Technical debt has become a common term when discussing the quality and maintainability of code. There are a lot of definitions of the debt, but they all have some things in common, that debt are the things in the solution that should be fixed but haven’t been fixed yet. This could include everything from lack of documentation or test coverage to code complexity. The debt might not have been there from the beginning, but rather been introduce while the solution grows. Another common denominator is that the debt will increase the cost of continued development within the solution. This can be seen in several different ways, for example adding a feature to a complex codebase would require more time than adding the same feature to the simple.
So why does not everyone just keep the technical debt low? There are a couple of different reasons, firstly it is a bit more expensive to add a feature neatly (reducing technical debt) than to just add it quick and dirty. This could be a part of a deliberate choice to introduce debt, either due to time constraints or due to the necessity to ship what you got and deal with the consequences. The second way technical debt can be introduced without knowing about it in the first place. The reason for this might be due to lack of research and knowledge, or only seeing the impact of decisions in hindsight.
No matter which of these types, or combinations of types, of debt can be found in a software the main point is that they add to the time it takes to develop in the codebase. It also increases the risk of introducing bugs, due to complexity, lack of automatic test cases, or any of several other reasons. The price of the debt is paid each time a change is made, and if no changes are made there are no payments.

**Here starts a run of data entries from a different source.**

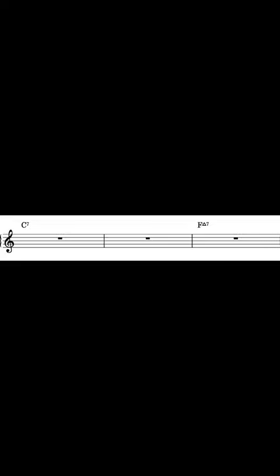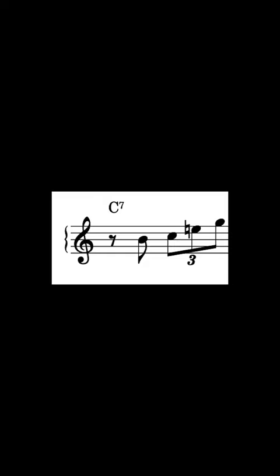The first ingredient is a triad based off of the root of the C7 with a chromatic approach.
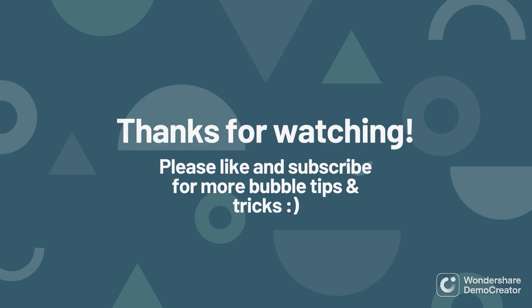All right, well thanks a lot for watching. Make sure to like and subscribe if it was helpful. And leave your comments or questions or video ideas down in the comments. Thanks a lot, bye.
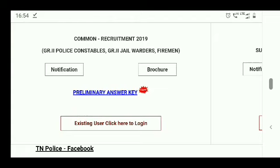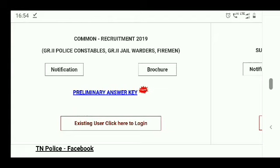Hello everyone! Welcome to Exam Guide Tamil. Let's get started with today's video.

Up until this point the information presented is mostly based on Martin Fowlers blog posts [1, 2], but I think these definitions misses one important part of technical debt, the dependencies. Joab Jackson argues that any dependency, such as libraries or frameworks, adds to the technical debt. By adding a dependency, the codebase often increases much more than needed. In doing so the amount of fluff that you need to understand to work in the codebase increases as well, increasing the time it takes and the risk of bugs being introduced. [3] However I would argue that even if there is debt introduced by third party dependencies, it can easily be worth it to use the dependency. The increase in development time and expertise needed when using dependencies save huge amounts of times in relation to the increased time it takes to maintain. One would have to weigh the technical debt from the dependency, and the debt from implementing the code inhouse to know which is the correct way forward.
However, I would argue that there is another technical debt introduced, the debt of keeping the dependencies up to date. The cost of this maintenance is required throughout the whole lifecycle of the solution, to ensure that no bugs are inherited. In a worst-case scenario these bugs could be security bugs with impact on the solution.
The recurring theme when it comes to security and technical debt is that they are not directly linked. From my experience I conclude that there is not any direct security related technical debt. Instead the technical debt could have one of many impacts. For example, it increases the risk of bugs being introduced. These bugs can be functional or non-functional, usability, or security bugs. Technical debt is a general concept in software development, that can be used to communicate the state of the solution. The impacts of the technical debt are what’s explained to the leadership, such as time spent and bugs introduced. The source of the debt on the other hand could be a lack of documentation or complex code, which is what the developers have to live with.
To work with technical debt in a structured, and well documented way one could frame the debt as business risks. For example, the technical debt in the codebase introduce risks such as:
- Lack of automated testcases increase the risk of introducing bugs
- Code complexity may increase cost of introducing a new feature
- Onboarding team members consumes more time than expected due to lack of documentation
- Etc
By handling the debt as business risks, it shows how the technical debt can impact the business, and help prioritising it in relation to other risks. In doing so, technical debt and code neatness can be clearly defined together with environmental, juridical and other risks.
My conclusion is that we should be careful when splitting out different problems, calling them different things and handling them in unique ways. A bug is a bug, it might have functional or security impact, but it’s still a bug. They should be prioritised based on their impact, and not be separated out. Risks should be handled in the same way, according to a general process where they can be prioritised and acted upon, regardless of if it has security, cost or other impact.